● **ACTIVITY**:
Repeat every line from the line containing "Photo of property" to the end of the data, exactly. Leave the pictures out.
····················
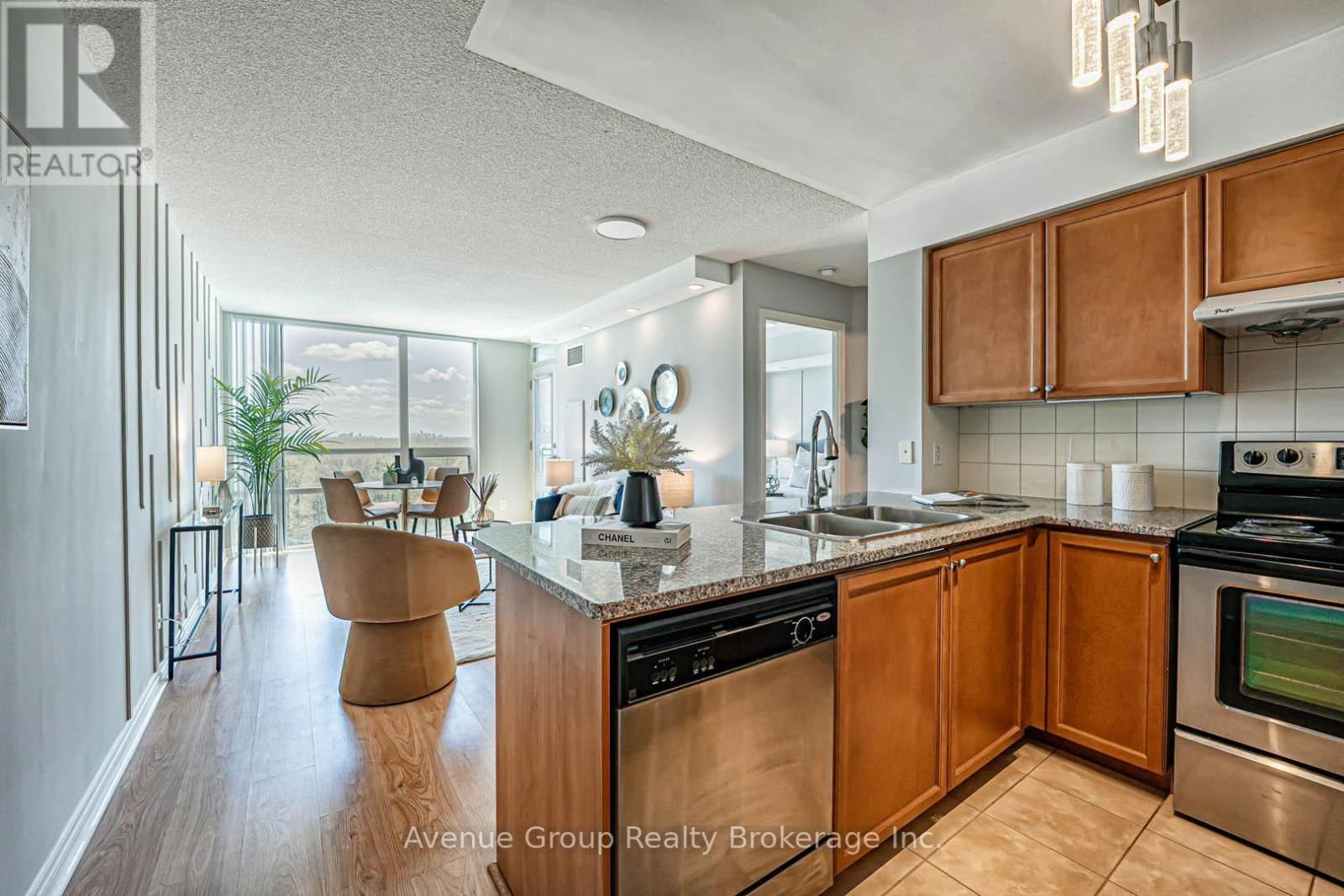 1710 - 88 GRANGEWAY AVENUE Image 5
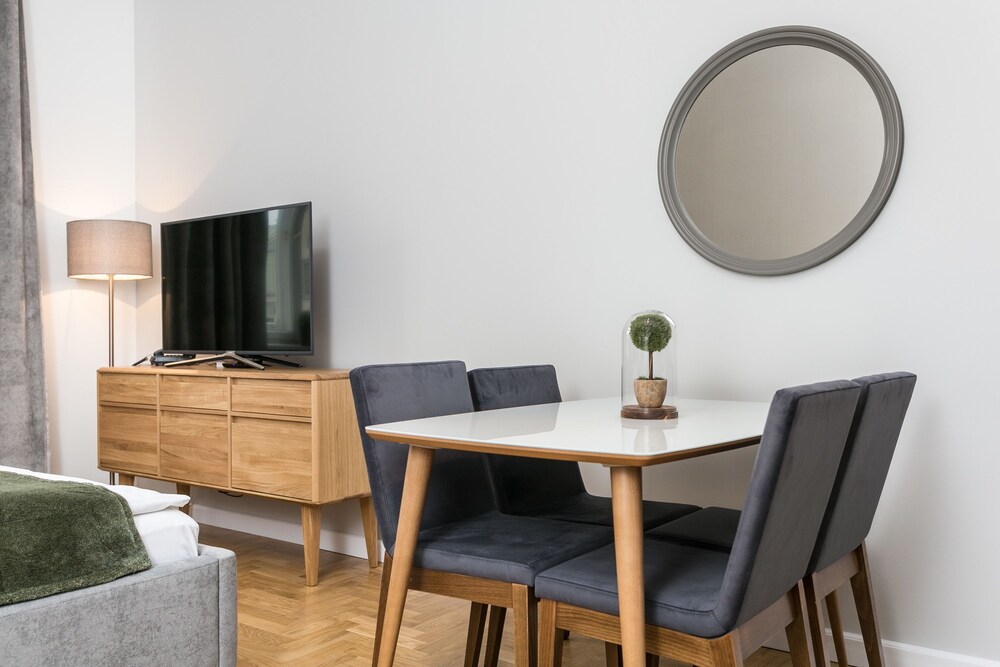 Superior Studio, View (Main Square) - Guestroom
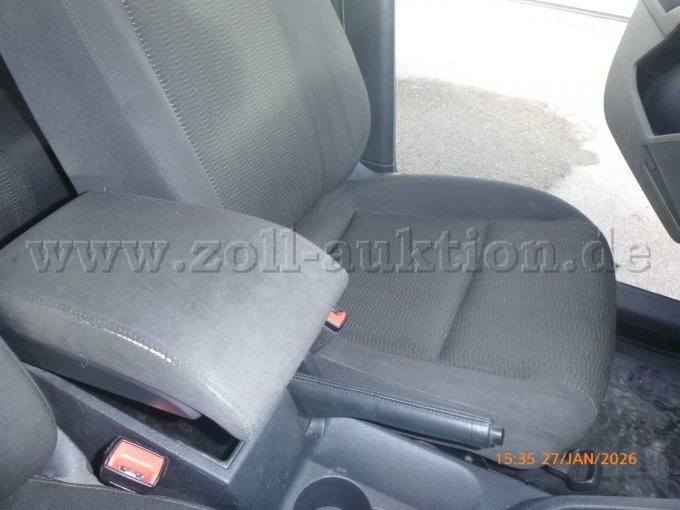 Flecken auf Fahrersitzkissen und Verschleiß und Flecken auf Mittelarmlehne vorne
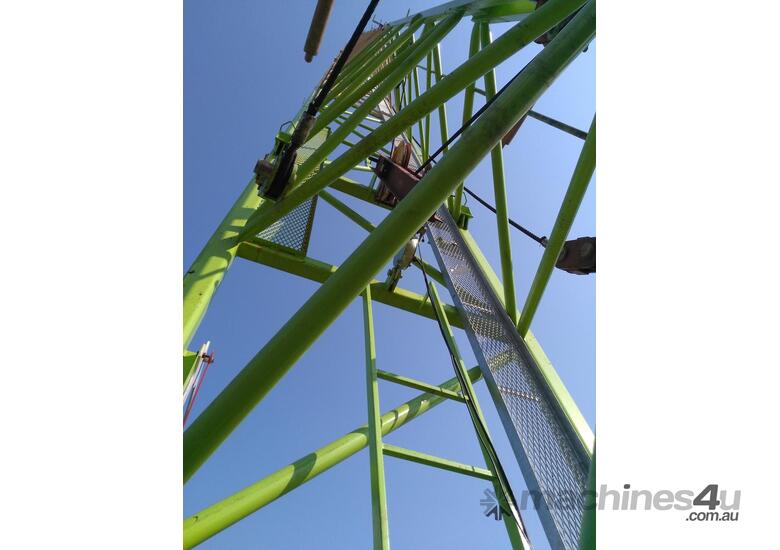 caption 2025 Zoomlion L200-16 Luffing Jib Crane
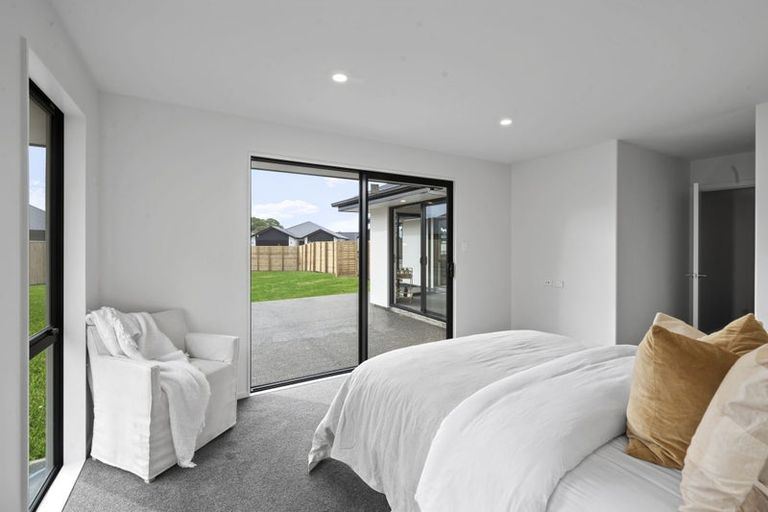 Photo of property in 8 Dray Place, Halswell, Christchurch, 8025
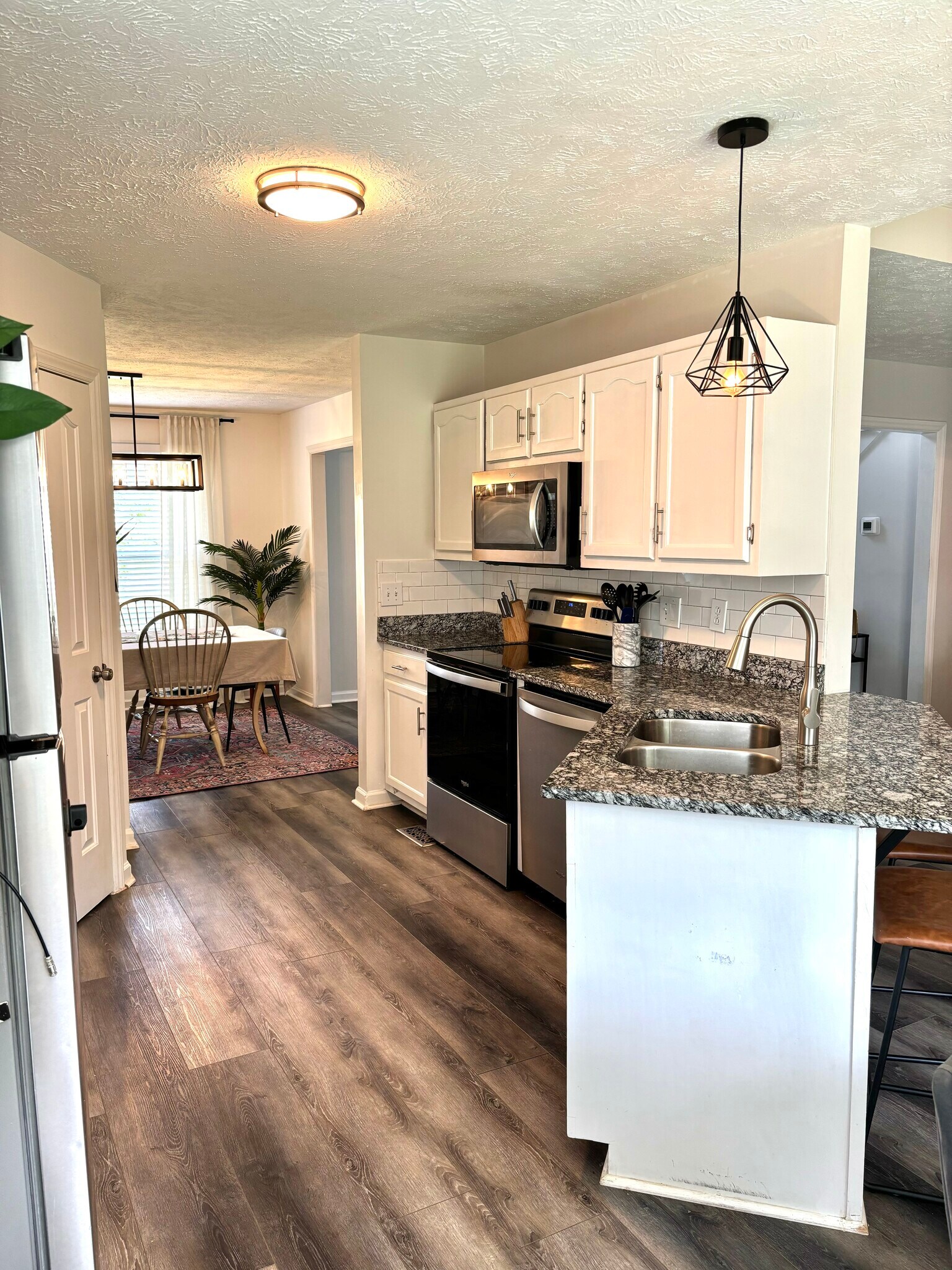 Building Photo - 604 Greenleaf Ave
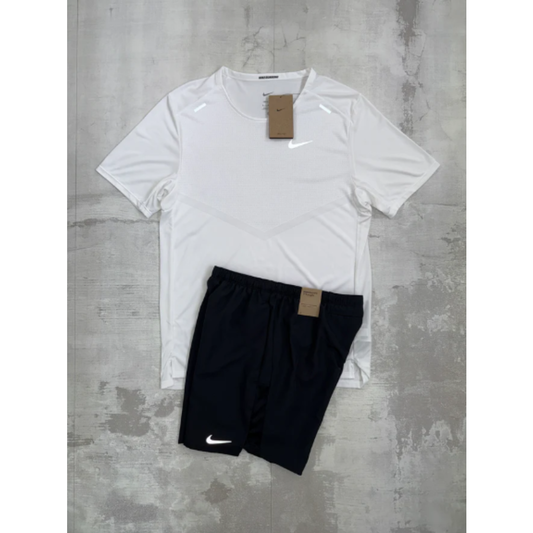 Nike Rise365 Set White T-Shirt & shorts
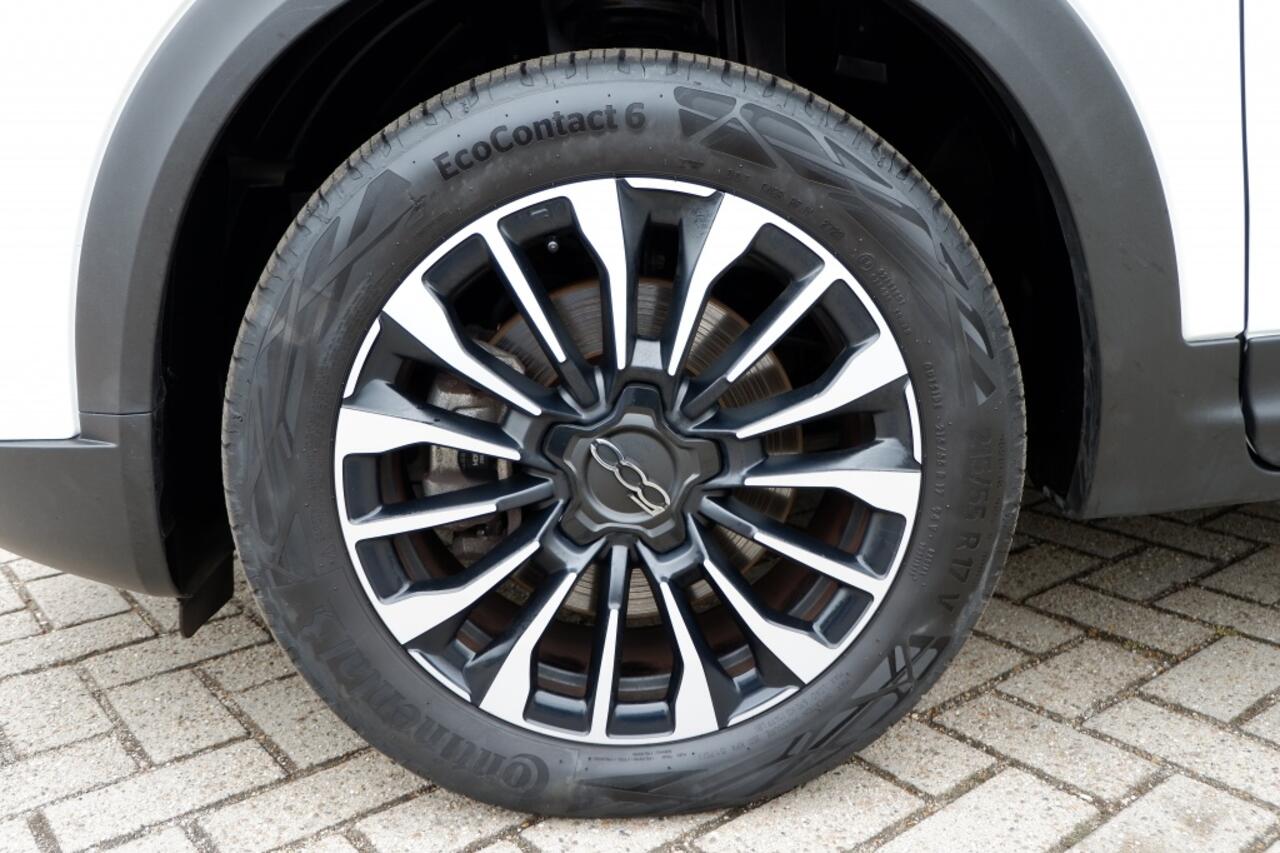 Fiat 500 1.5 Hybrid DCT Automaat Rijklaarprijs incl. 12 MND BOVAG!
····················
● **ANSWER AREA**:
 Photo of property in 8 Dray Place, Halswell, Christchurch, 8025
 Building Photo - 604 Greenleaf Ave
 Nike Rise365 Set White T-Shirt & shorts
 Fiat 500 1.5 Hybrid DCT Automaat Rijklaarprijs incl. 12 MND BOVAG!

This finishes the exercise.